Os religiosos e os filósofos do momento fazem surgir no momento o numinoso (Rudolf Otto), ou aquilo "que nos interessa absolutamente" (Paul Tillich), ou o "reino de Deus" (Karl Barth), ou o "abrangente" (Karl Jaspers  ). Também o momento de Heidegger conduz a uma transcendência, mas uma transcendência do vazio. A transcendência do nada. Mas a força do numinoso não desapareceu. Ela brota do singular movimento entre nada e algo, que o ser humano pode executar com consciência. Esse é o seu espaço numinoso que lhe permite vivenciar como milagre - o milagre de sequer existir alguma coisa. E não apenas isso - igualmente espantoso é nesse pano de fundo a potência criativa do ser humano: ele pode produzir uma coisa; ele se encontra com toda a contingência do ser-assim, mas pode configurar a si mesmo e ao seu mundo, pode deixar o ser crescer e também destruí-lo. No medo do vazio perdemos um mundo e mesmo assim vivenciamos como do nada sempre nasce outro mundo. Através da angústia podemos vir ao mundo outra vez.

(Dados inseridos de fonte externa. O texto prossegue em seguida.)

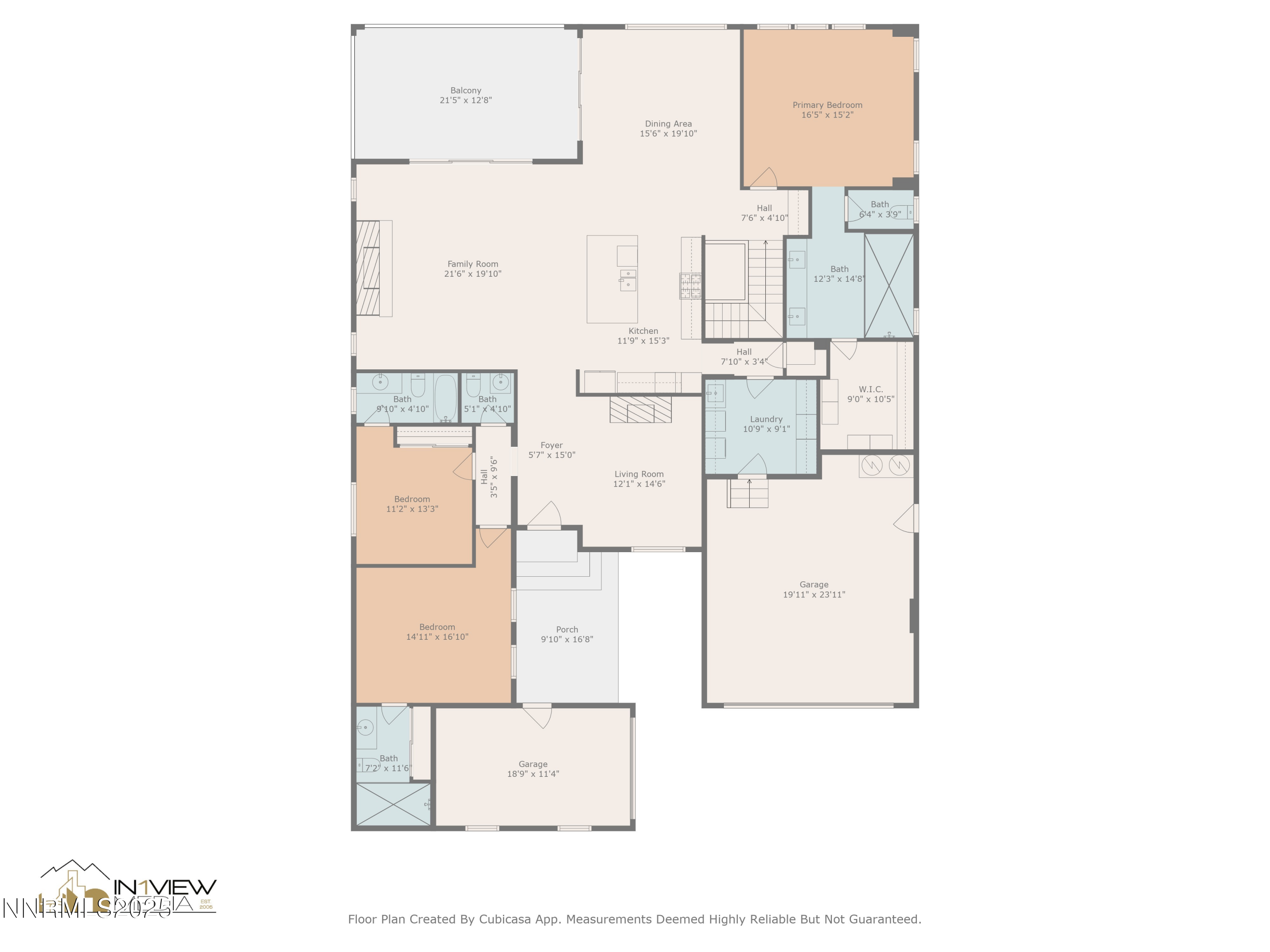 Reno, Nevada, 89523, United States, 4 Bedrooms Bedrooms, ,6 BathroomsBathrooms,Residential,Active,1922303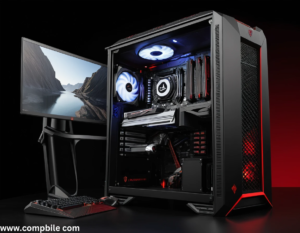 Advanced Gaming and Overclocking Capabilities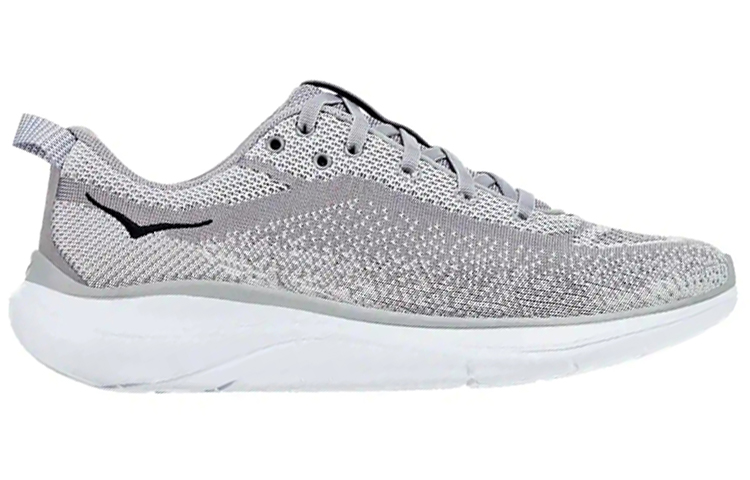 Order (Women) HOKA ONE ONE Hupana Flow 'Grey' 1102891-DLRC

Dasein significa: existir nesse espaço, nessa amplidão aberta. O espaço é aberto pela vivência do nada. A roda pode girar, porque tem "jogo" no eixo - da mesma forma move-se o Dasein, porque tem "jogo", isto é, liberdade. Dessa liberdade não faz parte apenas que o Dasein vivencie o nada, mas também que pode conquistar espaço dizendo não na dureza do agir-contra ou na agudeza do detestar, na dor do fracassar ou na implacabilidade do proibir (WM, 37).

Para Heidegger o não e o nada são o grande mistério da liberdade. Pois aquele espaço entre nada e algo que se abriu no Dasein dá liberdade para separar, para distinguir e para decidir. Sem revelação original do nada nem ser-si mesmo nem liberdade (Ibid).

O acontecimento metafísico fundamental do Dasein é pois o seguinte: na medida em que o Dasein pode transcender no nada, ele também pode vivenciar o ente no todo como algo que sai da noite do nada para a claridade do ser.